*SUPPLIED DATA:*
——

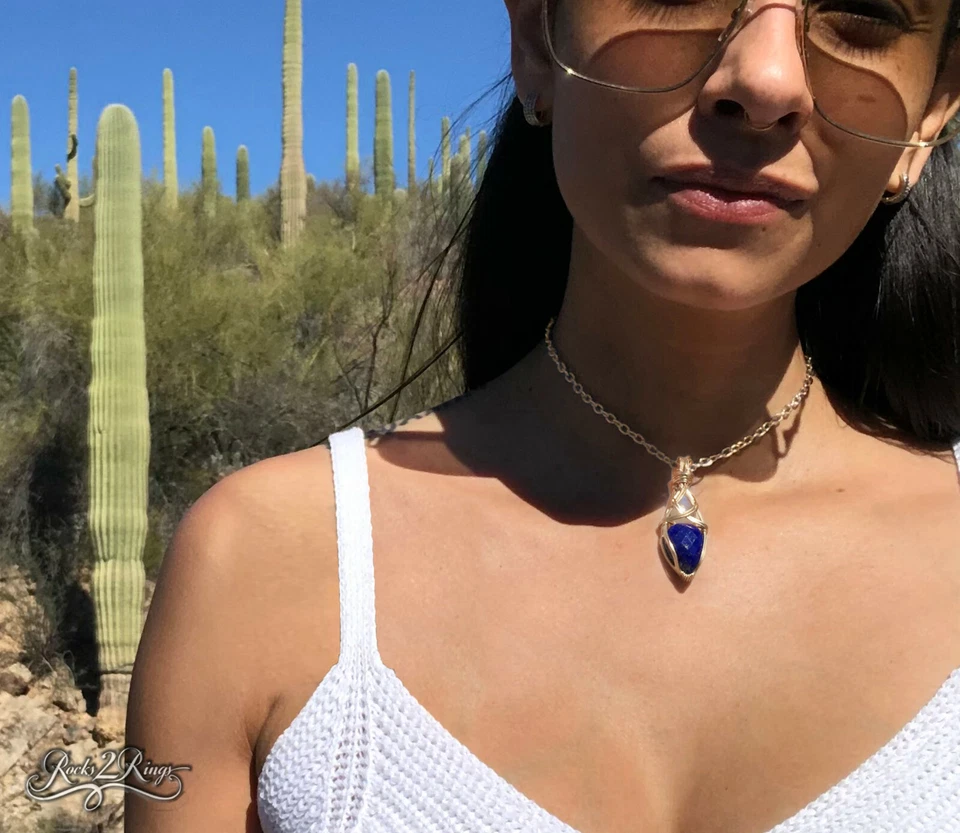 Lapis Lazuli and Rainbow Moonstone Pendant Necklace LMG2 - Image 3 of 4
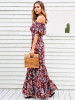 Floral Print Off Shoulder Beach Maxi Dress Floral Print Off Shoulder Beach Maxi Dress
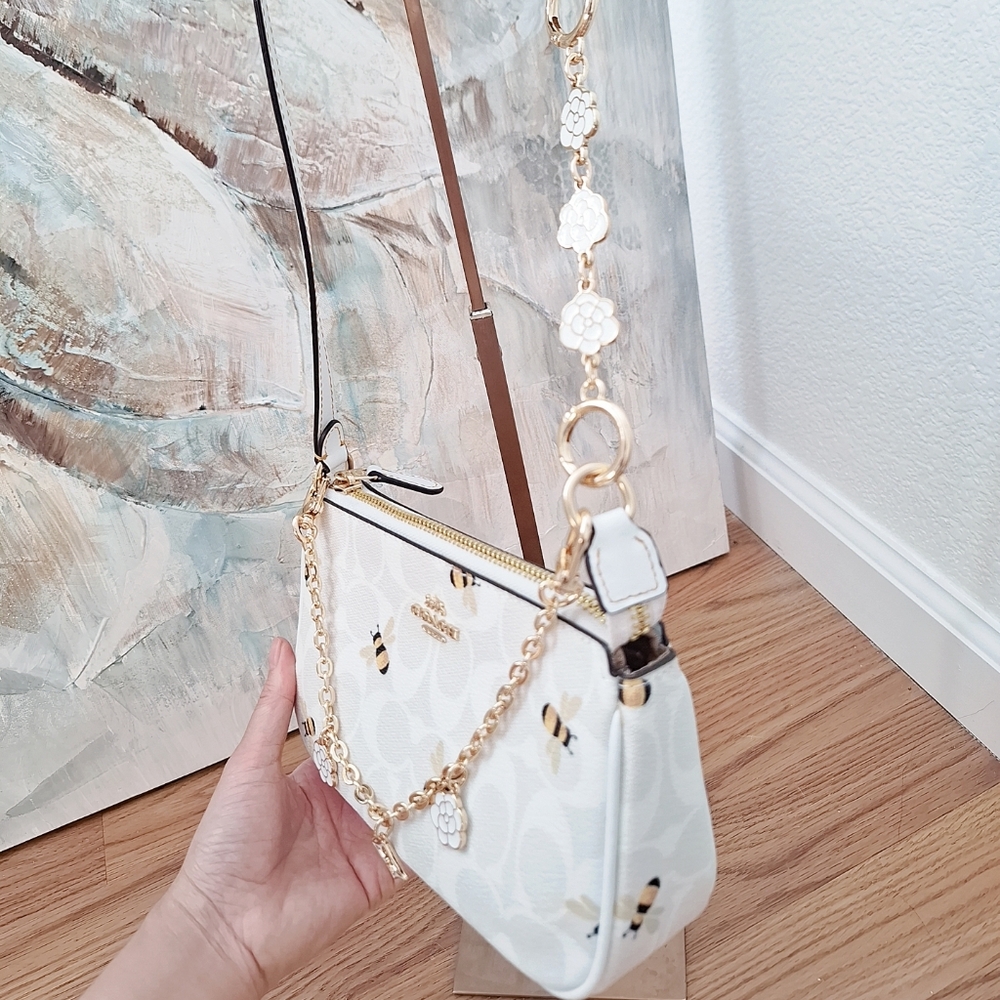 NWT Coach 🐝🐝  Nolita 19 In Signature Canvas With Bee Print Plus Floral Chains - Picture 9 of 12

——

*WORK REQUIRED:* Copy the material above word for word, images excluded.

*ANSWER BOX:*
 Lapis Lazuli and Rainbow Moonstone Pendant Necklace LMG2 - Image 3 of 4
 Floral Print Off Shoulder Beach Maxi Dress Floral Print Off Shoulder Beach Maxi Dress
 NWT Coach 🐝🐝  Nolita 19 In Signature Canvas With Bee Print Plus Floral Chains - Picture 9 of 12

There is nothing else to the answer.